----- EXCERPTED DATA

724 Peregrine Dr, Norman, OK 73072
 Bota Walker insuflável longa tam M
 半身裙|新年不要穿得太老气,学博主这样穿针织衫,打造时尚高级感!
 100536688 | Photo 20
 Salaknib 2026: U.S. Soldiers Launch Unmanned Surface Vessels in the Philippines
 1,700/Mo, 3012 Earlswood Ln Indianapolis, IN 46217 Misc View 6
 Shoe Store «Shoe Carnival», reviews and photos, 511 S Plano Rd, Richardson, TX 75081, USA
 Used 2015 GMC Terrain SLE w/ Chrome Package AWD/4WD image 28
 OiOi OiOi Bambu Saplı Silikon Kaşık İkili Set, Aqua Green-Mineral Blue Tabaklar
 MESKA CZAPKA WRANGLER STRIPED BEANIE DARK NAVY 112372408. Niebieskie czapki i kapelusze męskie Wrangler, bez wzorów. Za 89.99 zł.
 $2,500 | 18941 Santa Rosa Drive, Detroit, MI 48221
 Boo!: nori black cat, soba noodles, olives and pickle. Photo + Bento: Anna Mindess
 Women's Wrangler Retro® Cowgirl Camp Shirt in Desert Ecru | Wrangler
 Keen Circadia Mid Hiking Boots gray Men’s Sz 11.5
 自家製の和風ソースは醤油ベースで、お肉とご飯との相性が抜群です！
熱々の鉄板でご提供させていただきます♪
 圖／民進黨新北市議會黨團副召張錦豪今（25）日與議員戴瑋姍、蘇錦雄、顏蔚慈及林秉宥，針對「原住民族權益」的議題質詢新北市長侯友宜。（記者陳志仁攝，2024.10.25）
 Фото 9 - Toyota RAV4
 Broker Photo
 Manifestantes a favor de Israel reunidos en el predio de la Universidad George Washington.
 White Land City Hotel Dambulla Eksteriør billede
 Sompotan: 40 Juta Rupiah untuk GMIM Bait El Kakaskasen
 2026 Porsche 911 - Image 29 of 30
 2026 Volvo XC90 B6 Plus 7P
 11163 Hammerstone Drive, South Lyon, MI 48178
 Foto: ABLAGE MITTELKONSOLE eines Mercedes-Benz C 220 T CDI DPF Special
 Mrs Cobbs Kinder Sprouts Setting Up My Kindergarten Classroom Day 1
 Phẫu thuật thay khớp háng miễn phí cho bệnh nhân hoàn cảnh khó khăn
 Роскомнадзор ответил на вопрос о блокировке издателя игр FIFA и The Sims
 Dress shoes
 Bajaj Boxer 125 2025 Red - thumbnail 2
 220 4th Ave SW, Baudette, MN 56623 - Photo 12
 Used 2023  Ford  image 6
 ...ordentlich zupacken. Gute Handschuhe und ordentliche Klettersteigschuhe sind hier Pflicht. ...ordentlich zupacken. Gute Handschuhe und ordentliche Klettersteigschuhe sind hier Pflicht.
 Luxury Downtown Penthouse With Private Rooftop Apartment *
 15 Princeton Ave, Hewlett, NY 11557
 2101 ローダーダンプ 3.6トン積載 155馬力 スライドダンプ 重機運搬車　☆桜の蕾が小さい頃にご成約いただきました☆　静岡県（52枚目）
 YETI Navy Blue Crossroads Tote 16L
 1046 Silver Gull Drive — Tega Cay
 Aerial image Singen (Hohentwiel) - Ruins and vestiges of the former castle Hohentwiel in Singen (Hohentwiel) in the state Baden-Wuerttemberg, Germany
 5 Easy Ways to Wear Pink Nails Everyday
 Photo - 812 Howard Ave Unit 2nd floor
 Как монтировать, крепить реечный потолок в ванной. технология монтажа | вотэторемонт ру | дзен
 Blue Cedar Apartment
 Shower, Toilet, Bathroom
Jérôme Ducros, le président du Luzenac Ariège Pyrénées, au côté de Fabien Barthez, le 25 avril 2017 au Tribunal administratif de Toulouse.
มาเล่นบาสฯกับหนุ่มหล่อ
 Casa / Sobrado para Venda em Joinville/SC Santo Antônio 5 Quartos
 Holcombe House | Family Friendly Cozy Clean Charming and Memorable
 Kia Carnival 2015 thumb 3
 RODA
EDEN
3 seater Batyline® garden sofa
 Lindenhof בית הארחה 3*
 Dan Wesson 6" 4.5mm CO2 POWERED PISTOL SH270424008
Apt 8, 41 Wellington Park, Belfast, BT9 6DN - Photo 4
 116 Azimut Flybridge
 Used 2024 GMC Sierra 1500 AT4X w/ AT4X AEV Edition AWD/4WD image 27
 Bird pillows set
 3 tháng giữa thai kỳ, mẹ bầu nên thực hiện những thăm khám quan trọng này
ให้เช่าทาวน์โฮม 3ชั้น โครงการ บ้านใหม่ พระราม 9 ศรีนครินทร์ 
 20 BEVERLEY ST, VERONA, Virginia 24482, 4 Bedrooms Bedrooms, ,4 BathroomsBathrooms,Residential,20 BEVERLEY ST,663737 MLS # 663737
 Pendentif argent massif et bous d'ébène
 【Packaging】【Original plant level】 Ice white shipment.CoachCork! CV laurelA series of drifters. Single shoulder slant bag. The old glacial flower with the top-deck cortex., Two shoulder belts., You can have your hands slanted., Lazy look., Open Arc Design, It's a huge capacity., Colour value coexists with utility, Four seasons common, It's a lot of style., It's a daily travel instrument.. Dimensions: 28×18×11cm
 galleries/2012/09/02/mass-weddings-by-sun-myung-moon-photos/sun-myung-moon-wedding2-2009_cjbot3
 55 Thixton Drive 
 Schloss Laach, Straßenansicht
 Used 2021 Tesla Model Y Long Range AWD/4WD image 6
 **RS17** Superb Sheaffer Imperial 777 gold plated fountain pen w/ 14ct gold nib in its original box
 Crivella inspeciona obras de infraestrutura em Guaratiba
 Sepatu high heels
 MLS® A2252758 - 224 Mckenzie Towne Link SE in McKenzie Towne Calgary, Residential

----------

AIM OF THE EXERCISE
Precisely reproduce the lines of the entries, beginning at the first and ending at the one containing "Used 2015 GMC". Add nothing.

EXERCISE OUTPUT
724 Peregrine Dr, Norman, OK 73072
 Bota Walker insuflável longa tam M
 半身裙|新年不要穿得太老气,学博主这样穿针织衫,打造时尚高级感!
 100536688 | Photo 20
 Salaknib 2026: U.S. Soldiers Launch Unmanned Surface Vessels in the Philippines
 1,700/Mo, 3012 Earlswood Ln Indianapolis, IN 46217 Misc View 6
 Shoe Store «Shoe Carnival», reviews and photos, 511 S Plano Rd, Richardson, TX 75081, USA
 Used 2015 GMC Terrain SLE w/ Chrome Package AWD/4WD image 28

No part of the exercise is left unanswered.